Today, I’d like to add a 6th element to this list. So here goes:

6. Covenants came in what Paul Kalluveettil[1] has called frozen formulas.

There it is. That is all I wanted to say. Understanding this point will transform your perception of Scripture… radically. So let’s explain it quickly.

Anything that is common to a culture will eventual develop ways of being referenced by the members of that society that involve instant recognition. Sometimes these are phrases, or pictures, or actions that immediately call a thing to mind in all its 3 dimensional splendor.

Think of a wedding.
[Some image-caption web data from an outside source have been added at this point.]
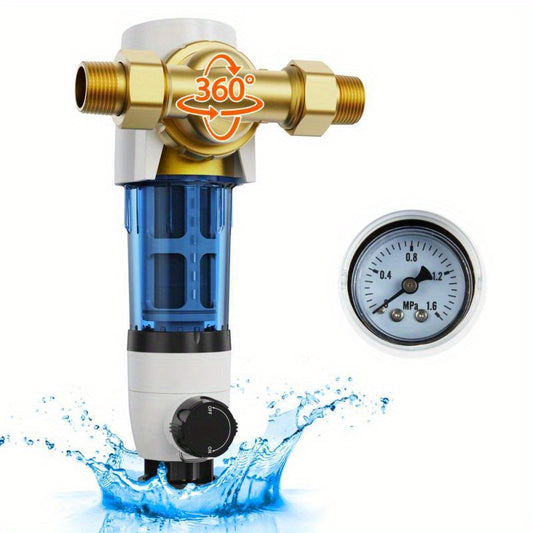 Hele Huis Waterfilter – Sedimentfilter – Putwaterfilter – Waterzuiveringssysteem – Waterfilter Systeem – 40 Micron Filter – Robuust Metaal – Werkt Zonder Elektriciteit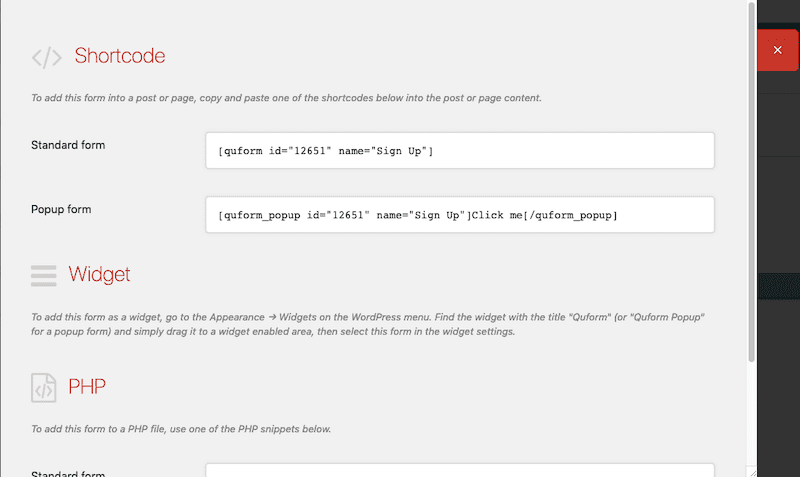 Quform Embedding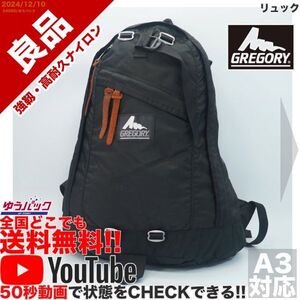 送料無料 即決 YouTube動画アリ 定価20000円 良品 グレゴリー GREGORY 旧 銀タグ デイパック 2 リュック バッグ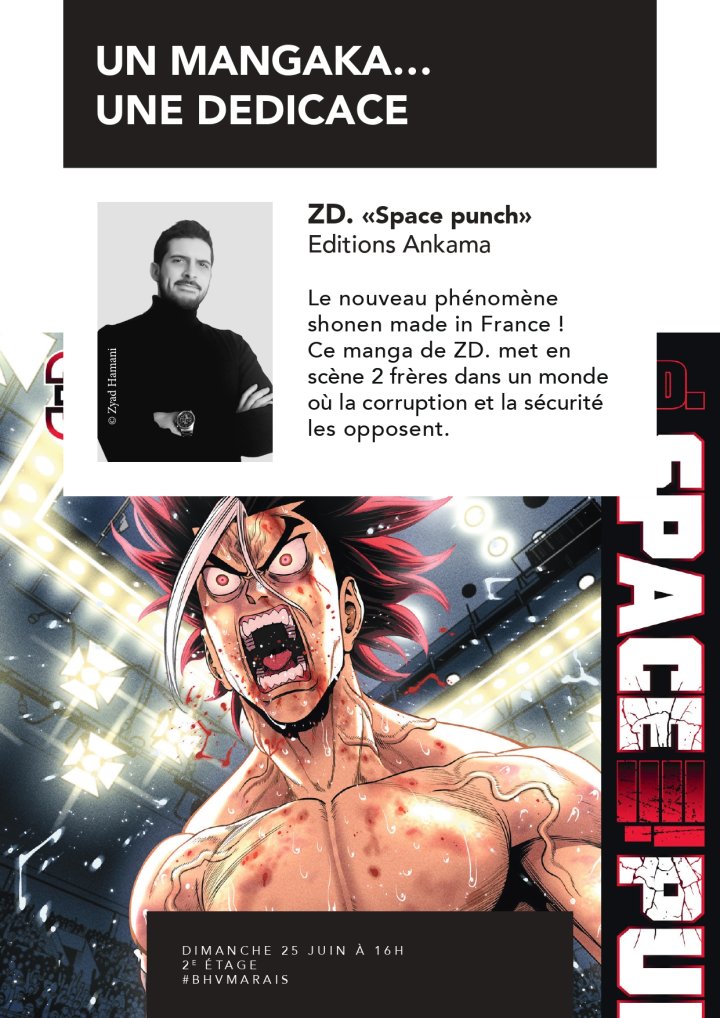 Le mangaka ZD en dédicace au BHV Marais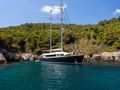 DALMATINO Custom Motor Sailer 43m - anchored bow view DALMATINO Custom Motor Sailer 43m - anchored bow view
A white veil or dress; the use of terms like bride, bridesmaid, groom or groomsman, best man, maid of honor, bachelor party, rehearsal dinner, etc; the music we call the wedding march can be named in two or three notes; two little well dressed statues atop a cake; Even the statements, “…let him speak now or forever hold his peace,” or “Dearly beloved we are gathered here today…” Any one of a hundred different references can invoke WEDDING and bring to mind the whole program of events and associations and the feelings that WEDDING entails.

There are also common legal contracts, standard contracts that come with fill in the blank sections or sometimes nothing more than a sign at the bottom and date. There are expected rules, payouts, defaults, etc. In fact, in our society, where prenuptial agreements are often viewed with suspicion, few realize that no prenup is a prenup… it means that the standard rules for wealth distribution established by our society for divorces is in force… a standard, unsigned prenup established by the common rules of our society.

Combine all these notions and you will begin to get the idea of frozen formula covenant making. In the biblical era, one did not have to go through a lot of ritual hoopla to make a covenant, though the ceremony was important in some cases… perhaps non-standard cases where stipulations needed to be specified for one reason or another. To make a common covenant, a common bonded agreement, one needed to do little beyond offering up a ritual phrase or action.

To recognize these ritual phrases and actions is important for understanding the way in which different authors are engaging covenant issues and the different places that different sorts of covenants are being established.

So, while we will discuss different sorts of covenants in another post, let’s list some of the ritual acts that represent the establishment or ritual maintenance of covenant relationships… sometimes different kinds of covenant relationships.

  • Baptism & Communion are both covenant making rituals.
  • Sabbath keeping, Tassel wearing, circumcision
  • The Rainbow
  • Exchanging clothes/giving clothes (varies kinds of clothing symbolism are extensive in the ancient near east)
  • Grasping a garment hem
  • Shaking hands
  • Decreeing familial relationship
  • Eating together
  • Cutting animals in half

Beyond these, there are important terms that have powerful covenant associations that a biblical reader needs to recognize. I will write posts on these later.

  • Any family terms like “Brother, Father, Son, etc…”
  • To Know
  • Loving-kindness… the Hebrew term hesed
  • oath, covenant, swear, cut,
  • Keep
  • Remember
  • Righteous; faith; loyalty; trust
  • Mercy; favor; grace

If you want to discover all the places in scripture where covenants and covenant rules are in play, you should also look for pieces and parts of known covenants or covenant acts. “I am YHWH your God,” or “God of Abraham, Isaac, and Jacob,” are pieces of long established covenants. Any appeal to them in any part is an appeal to the whole.

So, now, you might be getting the importance of #6. Covenant is on almost every page of the Bible.



[1] Paul Kalluveettil, Declaration and Covenant.  Rome: Biblical Institute Press, 1982.